Nonetheless, it noted that the company's valuation was "highly sensitive" to peak sales assumptions for the opioid addiction product, which was launched in February.
Indeed, a delay to 2023 would give 109p of upside, on its estimates, Citi said.
The broker also noted that the success of the Sublocade roll out "is key to the company's future", although the success of that roll-out would not be known until the second quarter.
"With IMS data not fully captured, tracking the success of the launch will be difficult and investors will have to wait until 2Q18 results for reported sales and key performance indicators," Citi's analysts said as they downgraded their stance on Indivior to 'neutral' from 'buy' and issued it with a 500p target price.
Analysts at Credit Suisse reiterated their 'neutral' recommendation for shares of TUI, arguing that the best for the company's 'cruise story' now lay behind it, while pointing to the 'hard to justify' premium versus Thomas Cook Group that the shares were trading on.
Yes, a bigger fleet size had brought with it economies of scale and efficiency gains, the Swiss broker said, allowing the company to increase its share of the German market by 20 percentage points over the five years ending in 2018.
But industry growth out to 2022 would likely entail weaker pricing, leaving the company with fewer growth levers to pull.

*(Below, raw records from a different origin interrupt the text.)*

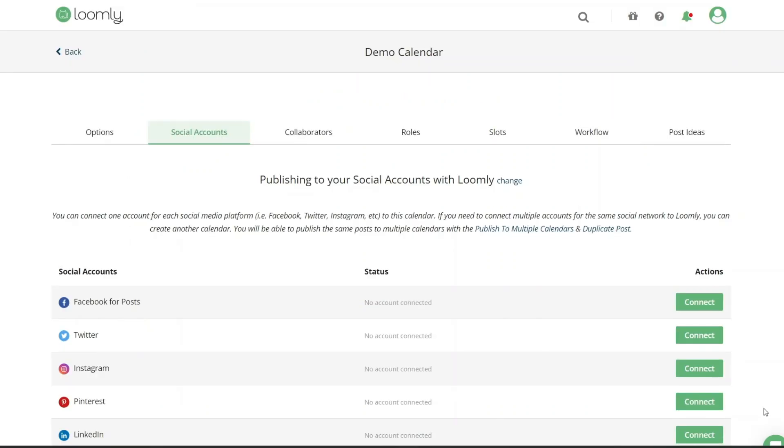To connect to Facebook page, begin by navigating to the Social Account tab of your calendar settings.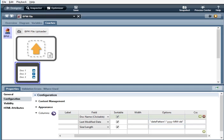And CSS is you can configure a specific column with styles. So for example, you could put white-space colon nowrap.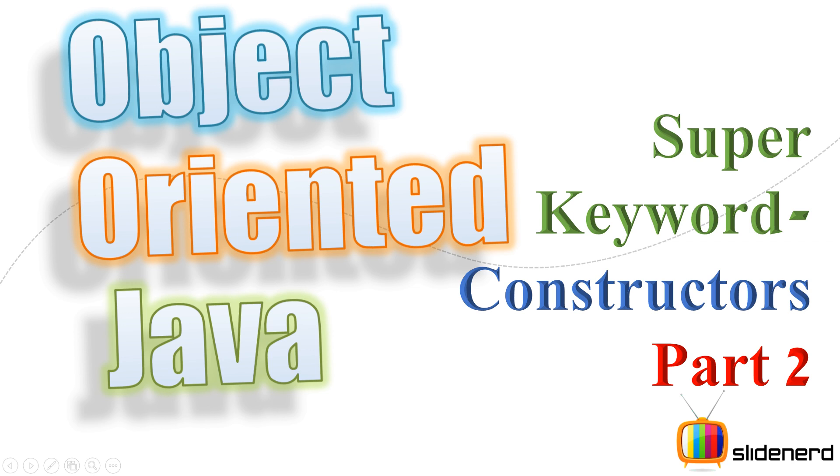Hello subscribers and watchers, what's up? This is Vivs from Slidenerd. In this video we're going to continue our discussion of the super keyword with constructors. In my previous video we already delved into this topic and saw what can be done with constructors and the super keyword and what is the default behavior. Let's dig a little deeper.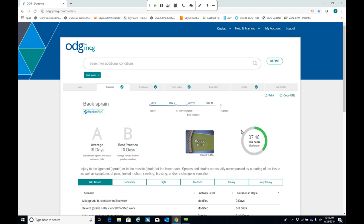Does the new interface offer deep linking by diagnosis code and single sign-on? Yes. You can include a single sign-on link within any system to bypass the login process, and you can also deep link into specific web pages within this interface.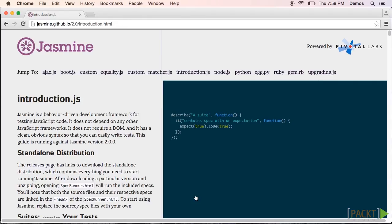Jasmine is the testing framework that we're going to use throughout the course. The framework will help us organize and describe our tests, as well as provide the necessary logic to run our tests. We'll get into the details of how that happens in the next video, but for now, let's download a copy.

As well, by 2023, even the company's own forecasts were for the German market to become the most highly-penetrated in the world.
And no, unlike its larger 'pure-play' cruise rivals, it was less able to tap into the full range of potential growth markets, particularly Asia Pacific.
In terms of valuation, at then-current prices, the shares were discounting a 2019 EV/EBIT multiple of 7.2 for its core tour operating business, 20% more than over at Thomas Cook.
Credit Suisse did bump-up its earnings per share estimates for the company in 2019 and 2020 by 5% - following its first-half numbers and the Capital Markets Day for its Cruise unit - resulting in an increase in the shares' target price from 1,645p to 1,730p.
Yet for all of the above reasons, its recommendation was kept at 'hold'.